DATE: THURSDAY, July 26, 1990                   TAG: 9007260495
SECTION: EDITORIAL                    PAGE: A-14   EDITION: METRO 
SOURCE: 
DATELINE:                                 LENGTH: Short


DEL. STAFFORD

IN HIS political campaigns, Del. C. Jefferson Stafford of Pearisburg - Jeff to those who knew him - never gained this newspaper's editorial endorsement. He did not harbor the hatefulness that sometimes hides behind the skirts of respectable conservatism. Still, his extremely conservative views struck us as too cramped, too limited in vision, too ready to dismiss any role whatsoever for government to play in the affairs of Virginia.

Yet Stafford, who died this week at age 51, had no trouble getting the support of his constituents.
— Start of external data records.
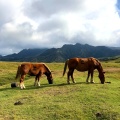 実際訪問したユーザーが直接撮影して投稿した高原草千里ヶ浜の写真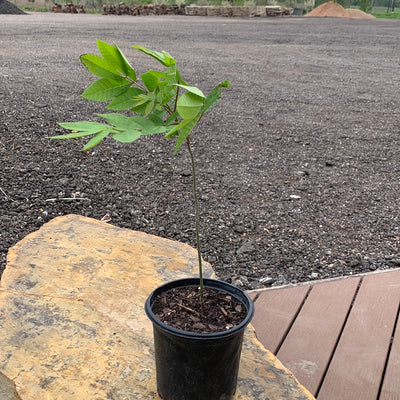 Walnut Black Native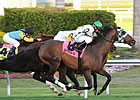 Kiss the Kid to Journeyman in Florida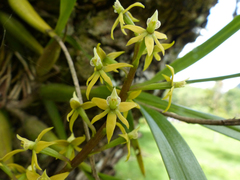 Prosthechea grammatoglossa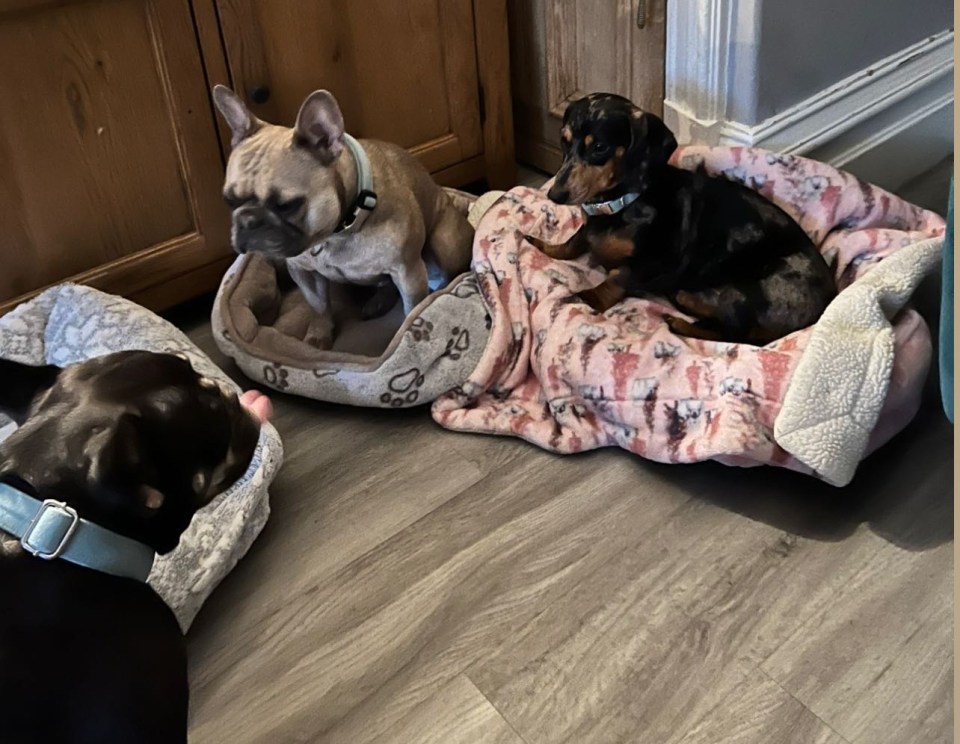 Their seven pooches live with them in their ten-bed home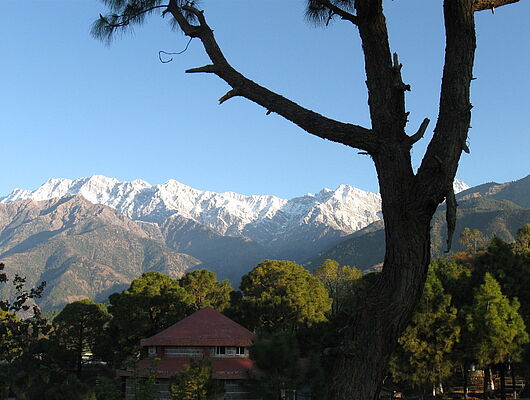 Reiki Einweihung Grad I Reiki Einweihung Grad I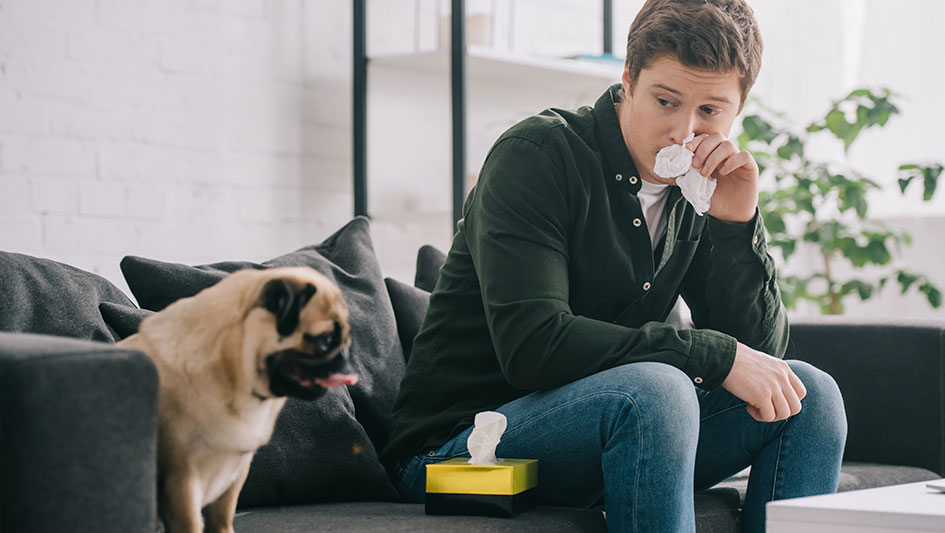 Purchasing an air purifier is one of the wisest approaches to improve your home’s indoor air quality. Discover more about the three smartest solutions. 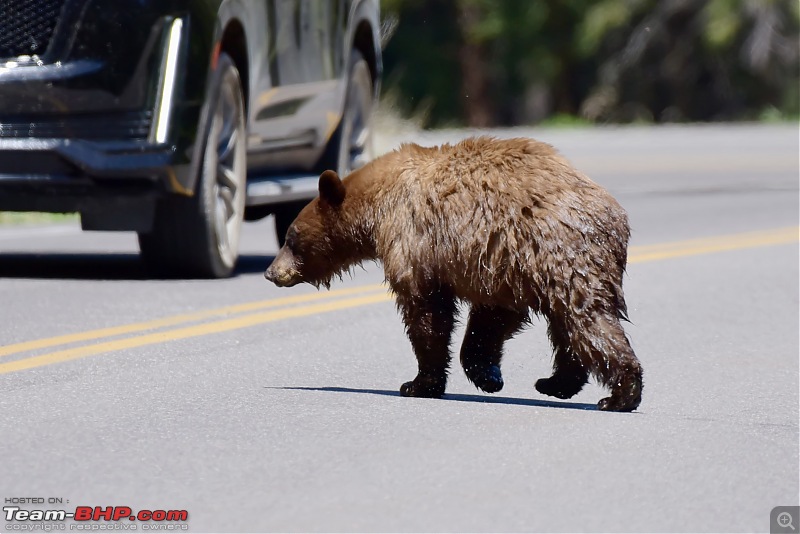 California to Yellowstone - A drive across Six States-ys48.jpg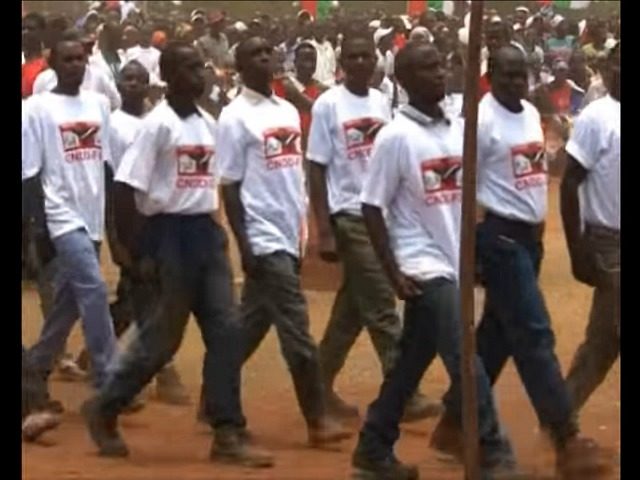 Burundi Youth Militia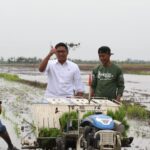 Wamentan Sudaryono: Program Optimalisasi Lahan Rawa di Merauke Tunjukkan Hasil Signifikan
As a Republican in a Democratic legislature, and as a Republican from an area that is neither intensely conservative nor particularly Republican, Stafford on occasion found himself the target of redistricting that substantially altered the boundaries of his district.

It didn't matter. From 1971 on, he could count on big majorities in his home county of Giles to win election after election to the House.

The key, we suspect, was more than simply his affability, his knack for disagreeing agreeably. It also was his straightforward, steadfast loyalty to principles as he saw them.

In these days when politicians bend to the slightest hint of a changing breeze in public opinion, Stafford was uncharacteristic: You always knew where, right or wrong, he stood.